Work to be completed
Although the entries contain pictures, your copy should hold only their exact text.
━━━━━ Supplied entries ━━━━━
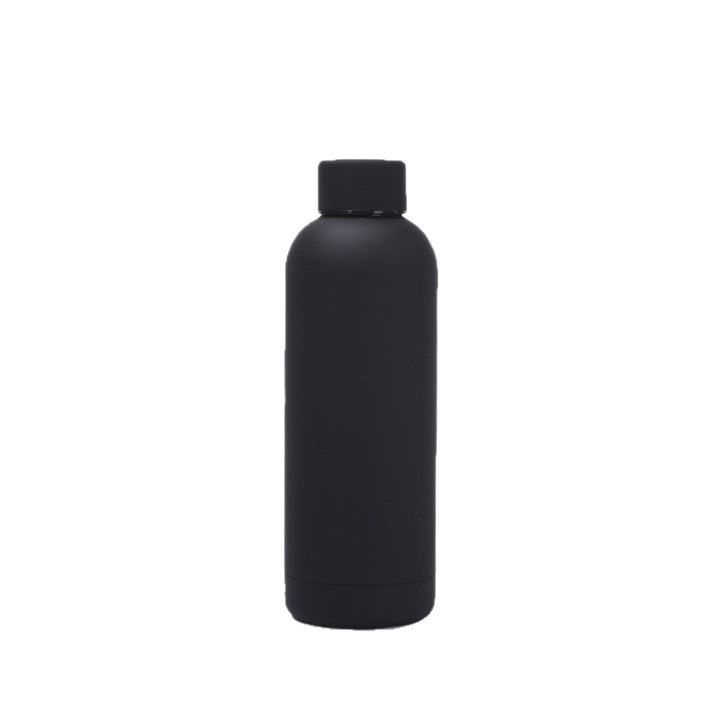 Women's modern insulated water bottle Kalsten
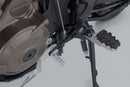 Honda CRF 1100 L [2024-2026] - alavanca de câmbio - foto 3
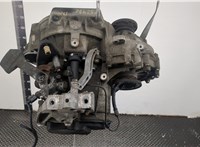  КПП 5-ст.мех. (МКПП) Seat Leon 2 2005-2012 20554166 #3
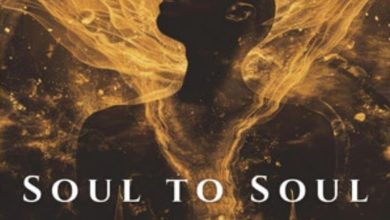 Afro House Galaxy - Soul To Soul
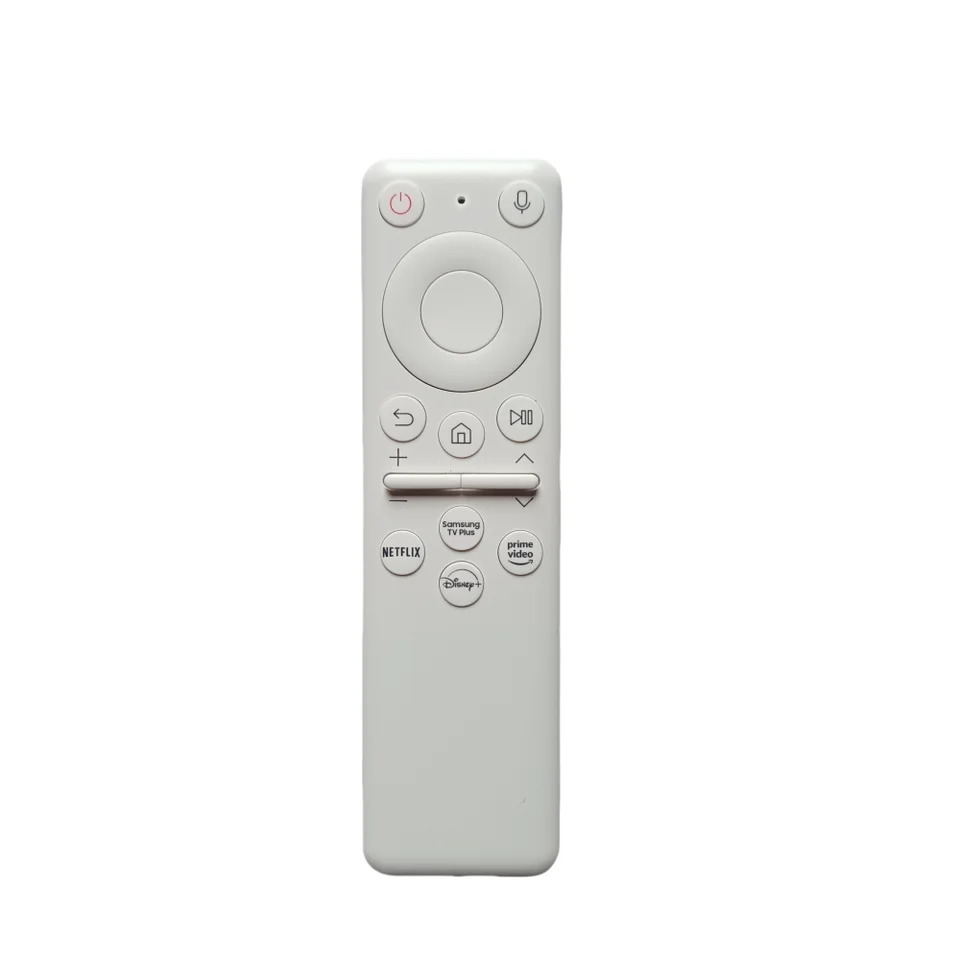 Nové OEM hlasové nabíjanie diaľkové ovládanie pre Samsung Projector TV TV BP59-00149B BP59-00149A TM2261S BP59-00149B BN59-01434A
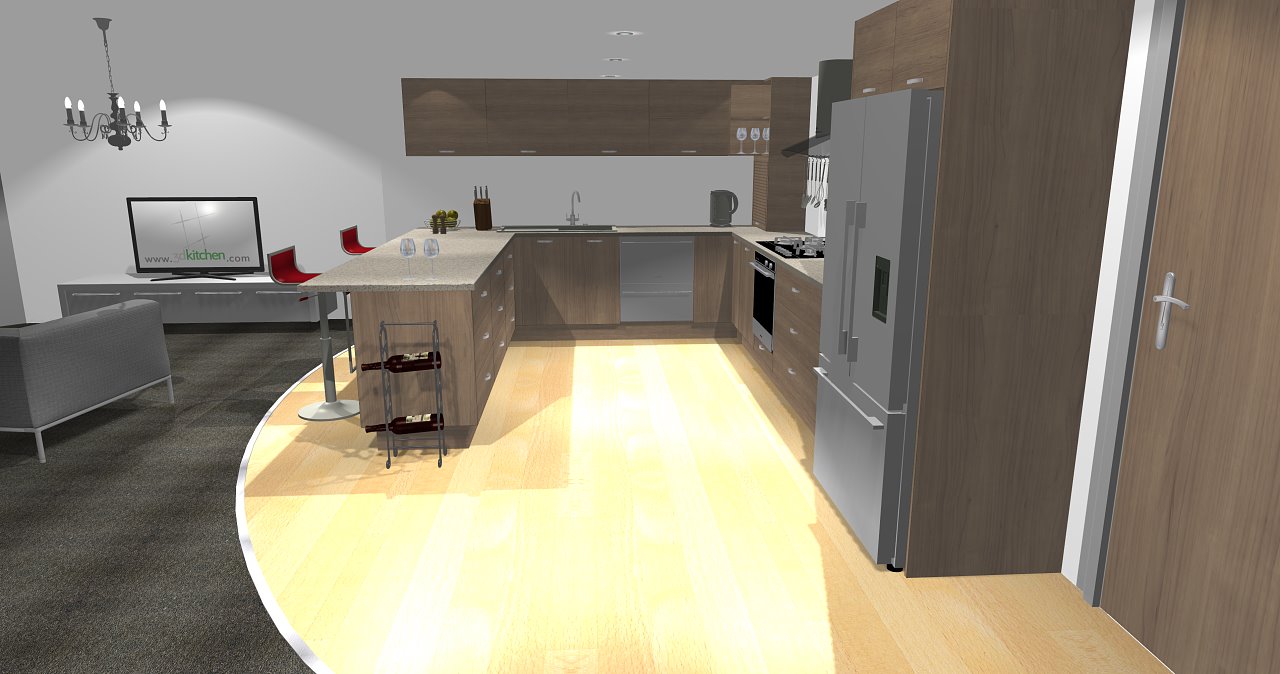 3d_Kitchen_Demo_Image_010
━━━━━
Answer
 Women's modern insulated water bottle Kalsten
 Honda CRF 1100 L [2024-2026] - alavanca de câmbio - foto 3
  КПП 5-ст.мех. (МКПП) Seat Leon 2 2005-2012 20554166 #3
 Afro House Galaxy - Soul To Soul
 Nové OEM hlasové nabíjanie diaľkové ovládanie pre Samsung Projector TV TV BP59-00149B BP59-00149A TM2261S BP59-00149B BN59-01434A
 3d_Kitchen_Demo_Image_010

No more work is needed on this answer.